Get Your Kid To Play With Play-Doh Like A World-Class Ceramicist

Break the mold.

by Jonathan Stern
Originally Published: 

For more advice on fun stuff to do with your kids, from ridiculously overqualified experts, check out the rest of our 940 Weekends.

It’s the chosen medium of every artist under 3, and the scourge of many a shag carpet. Los Angeles ceramicist Ben Medansky remembers the first thing that he learned to make using Play-Doh was a snake, which he turned into a coil, and then made that into a snail. “I did it over and over again,” he says. “I actually never stopped doing it.”

Now Medansky is known for his creative hand-thrown mugs that trendy Angelinos drink coffee out of, but in his studio, he still uses most of the techniques that he learned as a kid. That pancake your child is smooshing together? In ceramic-speak, that’s called a slab. That neon orange spaghetti they’re making? Medansky uses the same thing (but on a bigger scale).

Below, he talks about simple techniques to use with Play-Doh, stealing his best tools from the dentist’s office, and how to avoid soul-crushing disappointments at Color Me Mine.

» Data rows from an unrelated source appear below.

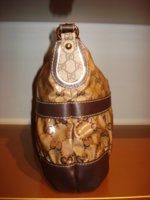 $559 Crystal Mix Hobo 002.jpg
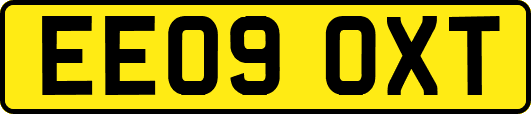 EE09OXT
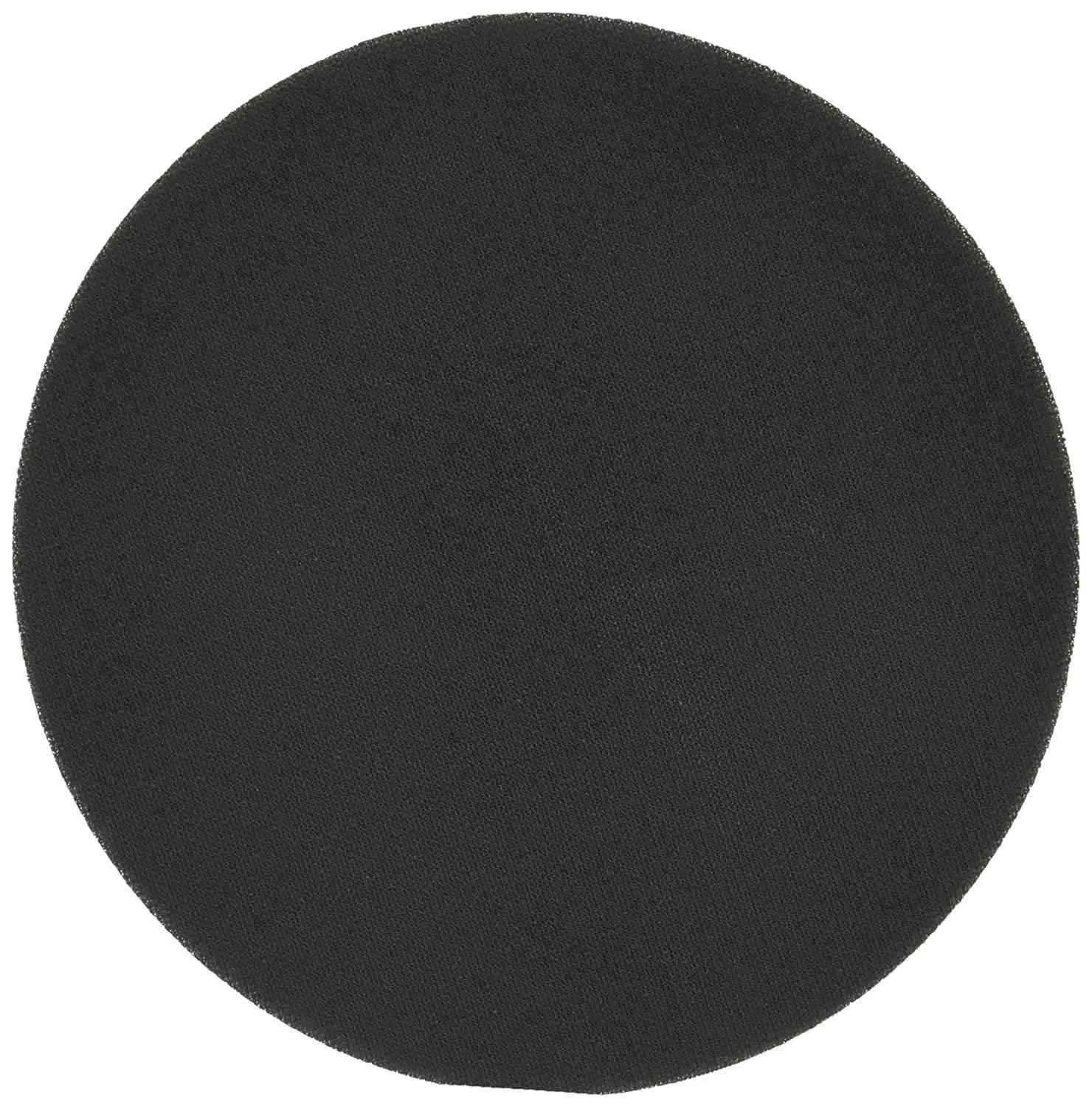 Festool 492374 Platin, 500 Grit for 125 mm (5") Sanders, 15 Pack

Make The Most Out Of Play-Doh

“I use Play-Doh as a reference point,” says Medansky — who has a lot in common with your little sculptor, except people will actually pay for his stuff. Here’s how to get them started on making more than a mess:

  • Create a slab. Once you have a sheet of dough you can start bending it, shaping it, or, as you would do with cookies, make cutouts. It’s how the big boys do it.
  • Use different colors to form different layers. All those shades of Play-Doh will eventually become a weird mauve in the hands of a toddler, but you can also do cool things like make marbled textures or a detailed rendering of the Earth’s crust.
  • Your Play-Doh is going to dry out, and that’s cool. “It’s planned obsolescence,” says Medansky, who recommends you keep your kid’s hardened creations and move on.
  • Because it’s going to dry out, you’re going to need a lot of it, and that name brand shit ain’t cheap. Here’s a quick recipe to keep your artist rolling in dough (see how that joke plays with your 5-year-old).


You Made It Out Of Clay

When play (doh) time is over, you can shift over to something a bit more firm for detailing, likeSculpey or bake clay, which has a few benefits over the kid stuff.

  • The big kid material is easier to use once they master that dexterity thing and want to create thinner elements, like a diabolical moustache for Mr. Potato Head. Also, it stays moist a lot longer, so they can leave and come back to it. After nap.
  • The trick to getting clean lines with traditional clay is to avoid shaping it when it’s still wet. Medansky lets his dry out, so it cuts cleanly.
  • Create your own armature out of aluminum foil. Grab a roll of Reynold’s Wrap and tear off a few pieces. Mash those together to form a little stick figure tin man that you can manipulate into different poses. “It was cheap, and I wanted to get the most out of the clay, so I used it as a space filler. The clay would act more like a skin than the structure.”


Steal From The Orthodontist

“When I was a kid I was at the dentist or the orthodontist every 2 weeks, so I’d ask them for old tools,” says Medansky. “They were sterile of course. And with them I was able to do details like lips, eyes and ears.” Don’t have that kind of relationship with your kid’s dentist? They’re actually pretty cheap (and very sharp). Other, less-stabby things you can use:

  • Paper clips. “They work great, but they’re harder to hold on to.”
  • Shoes. Chucks are fun, but Yeezy’s make the best patterns on slabs.
  • Push down some leaves, to make relief impressions
  • Pebbles are good for making circular indentations
  • Pencil Erasers, to make bigger circles


How To Kill It At Those Pottery Painting Parties

“When I go to Color Me Mine, I always like the idea of taking light colors, like yellows and pinks, and painting patterns on top of that using blue and purple,” says Medansky. “Then when that dried I’d apply masking tape [in a pattern], paint the whole thing black, and then peel it off to reveal what I kept.” Once your kid masters this technique, you’ll never need to step inside another Crate & Barrel again.

  • Three layers and when they say it, they mean it. Do the glaze too thin and you’ll see the clay through it — 3 coats will get a vibrant color.
  • Mixing colors with glazes is like paint, but reds and blues don’t always make purple. Sometimes it turns muddy and brown. They’re chemicals and minerals, not pigments.
  • Don’t forget about the top and bottom. One of the things that Medansky likes to do is purposely leave the bottom unglazed, creating a cool, unfinished effect.
  • Don’t just use the crappy brushes they give you. Sponges and rubber stamps are also great. You can cut up an ordinary pink eraser to make your own stamp.
  • It won’t be what you expect. “You can try to control what [the pot] is going to look like, but once it goes into the kiln and fires to 1000 degrees, you never know how it’s going to turn out — and that should be exciting.”